The Millionaire Next Door is not a particularly subtle book. Published first in 1996, it draws a thesis based on hundreds of interviews of America’s millionaires, and beats it over the heads of its readers. Repeatedly.

The central, mind-blowing “surprising secret” is that a lot of millionaires have accumulated wealth slowly, and live below their means.

Granted, this book may be suffering from the same problem as A Random Walk Down Wall Street, in that the advice given – that would have been novel at its time – has been repeated so often that it is more cliche than insightful. Some argue that repeating a mantra of “spend less than you earn” is outright unhelpful and needless without further understanding of what actions to take.

In this regard, the caricatures used in the book don’t really help. Even if they’re real folks with real financial problems, their defining characteristics boil down to frivolous consumption, particularly on luxury goods; fancy cars, outsized mortgages and expensive suits are wheeled out as evidence of the lack of financial discipline. Altogether, it paints a picture of an unsustainable, hugely materialistic lifestyle that dooms its practitioners to a lifetime of dependence.

The research shows its age here, as the millennial generation has shown itself to care more about experiences than material goods. To be fair, there is also a level of unsustainability to spending paychecks on seeking thrills, but that doesn’t hit with the same amount of pretentiousness as unnecessary boats and luxury watches. The biggest weakness in this book is in how often – and predictable – it trots out the consumption boogey man only to rain down its repeated catastrophic predictions.

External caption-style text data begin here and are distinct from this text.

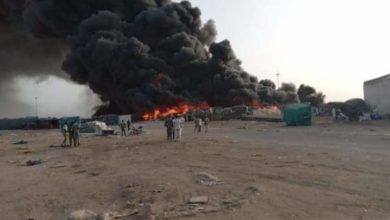 عدم السيطرة على الحريق.. تطورات في حرائق المستودعات ببورتسودان IMG 20220525 WA0004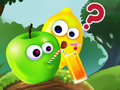 Juego Cuestionario para niños: ¿Qué sabes sobre las frutas?  en línea
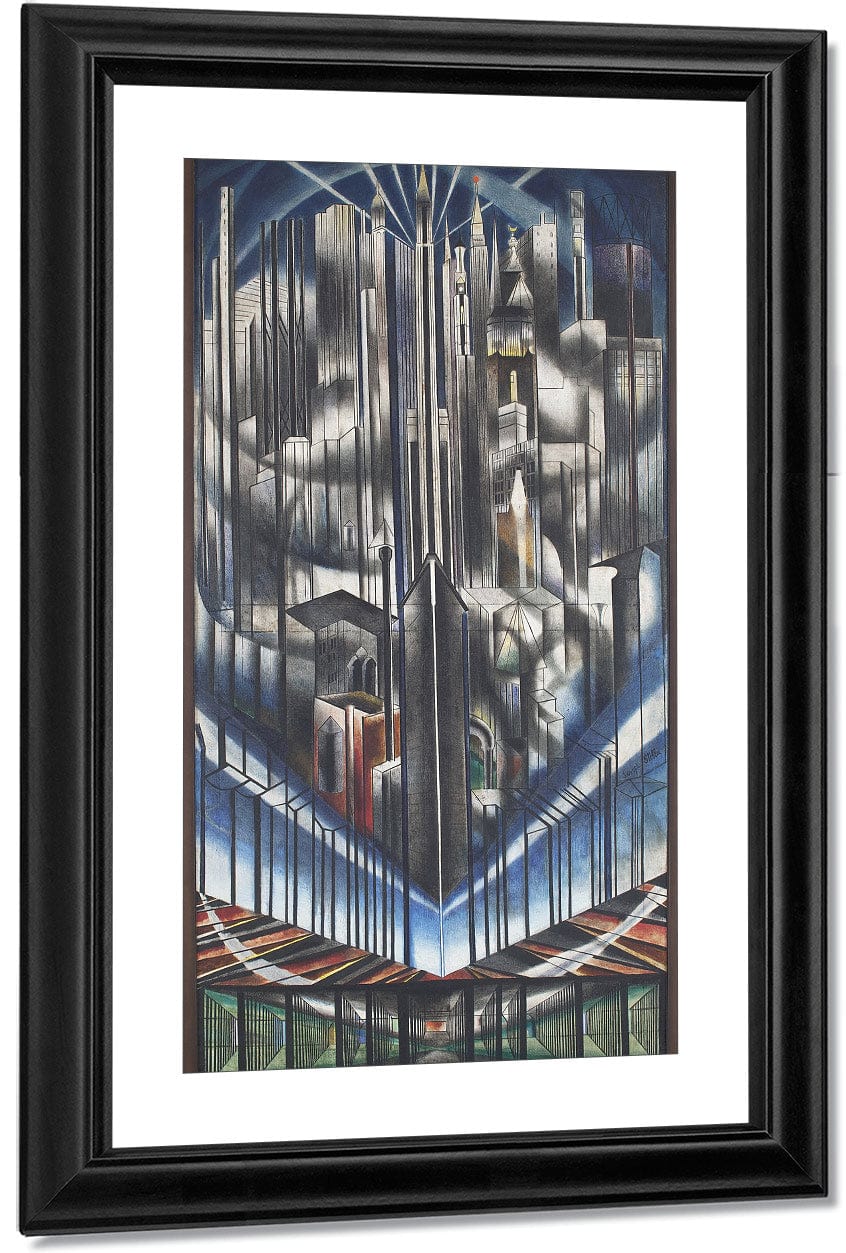 The Voice Of The City Of New York Interpreted  The Skyscrapers (The Prow) By Joseph Stella Fine Art Print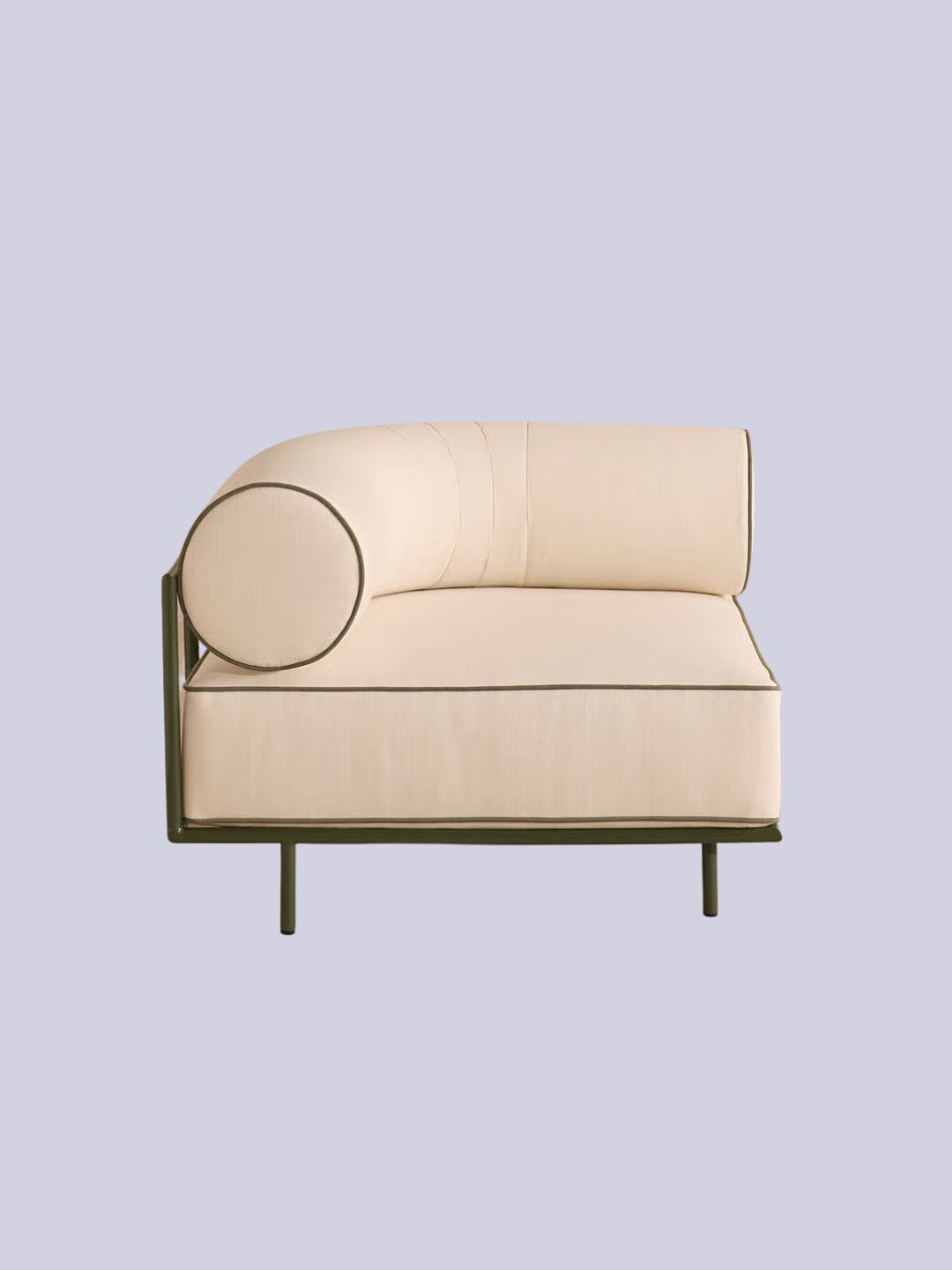 Soho Home, Gaspard Outdoor Corner Module Linen, Off White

The Millionaire Next Door’s other annoying habit is invoking the millionaire label as little more than a status symbol. Seeing how it spends a lot of time striking down material status symbols, it’s frustrating that the authors don’t see the irony of solely obtaining a high (concentrated around the $1-10 million range) net worth as an end goal. Of course, there are implied benefits around financial security and retirement stability, but so many of its points end up with some variation of the notion that “if they had instead invested that money in x for y years, they’d already be a millionaire!”, as if the only thing that mattered was earning that label. There’s even a section in the book that draws out a fictional conversation between two government tax agents, starts with asking some good questions on the nature of accumulated wealth, only to farcically meander to the idea that the government encourages frivolous spending to goose tax revenues.

Like A Random Walk, I feel like The Millionaire Next Door may be a classic that is an interesting read for academic purposes, but whose advice has not aged as well as I would have hoped.